* _Exercise requirements_
From the entries below, reproduce exactly the line containing "印度进口虎虾含禁用兽药 食安下令停售", the line containing "Obraz Standing Horse", and every line in between, with nothing added.

--- The records ---

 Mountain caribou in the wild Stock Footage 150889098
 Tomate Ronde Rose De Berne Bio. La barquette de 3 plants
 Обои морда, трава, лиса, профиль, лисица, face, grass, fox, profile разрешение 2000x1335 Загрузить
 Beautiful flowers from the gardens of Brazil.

---
--- The records ---

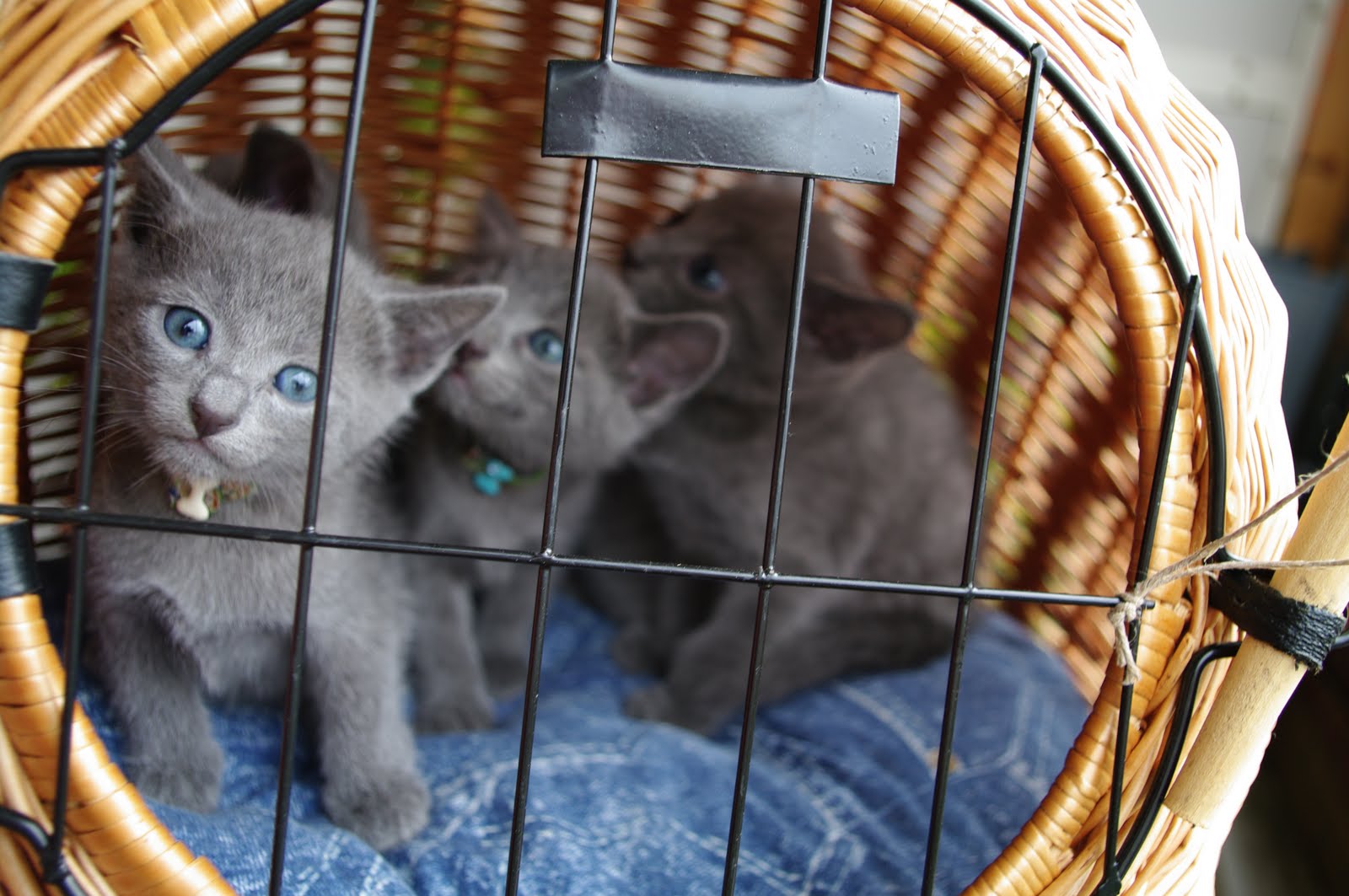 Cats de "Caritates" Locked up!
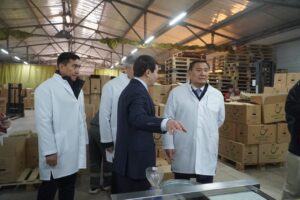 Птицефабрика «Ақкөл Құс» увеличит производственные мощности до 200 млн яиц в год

---
--- The records ---

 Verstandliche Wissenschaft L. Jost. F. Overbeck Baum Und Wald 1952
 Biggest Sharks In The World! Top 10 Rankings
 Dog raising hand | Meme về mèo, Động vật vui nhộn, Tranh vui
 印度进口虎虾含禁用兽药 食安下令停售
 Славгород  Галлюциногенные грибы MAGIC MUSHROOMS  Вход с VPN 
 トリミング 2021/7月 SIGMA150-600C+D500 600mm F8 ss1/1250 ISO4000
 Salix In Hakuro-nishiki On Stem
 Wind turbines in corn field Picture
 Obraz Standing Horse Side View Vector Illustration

---

* _Result of the task_
 印度进口虎虾含禁用兽药 食安下令停售
 Славгород  Галлюциногенные грибы MAGIC MUSHROOMS  Вход с VPN 
 トリミング 2021/7月 SIGMA150-600C+D500 600mm F8 ss1/1250 ISO4000
 Salix In Hakuro-nishiki On Stem
 Wind turbines in corn field Picture
 Obraz Standing Horse Side View Vector Illustration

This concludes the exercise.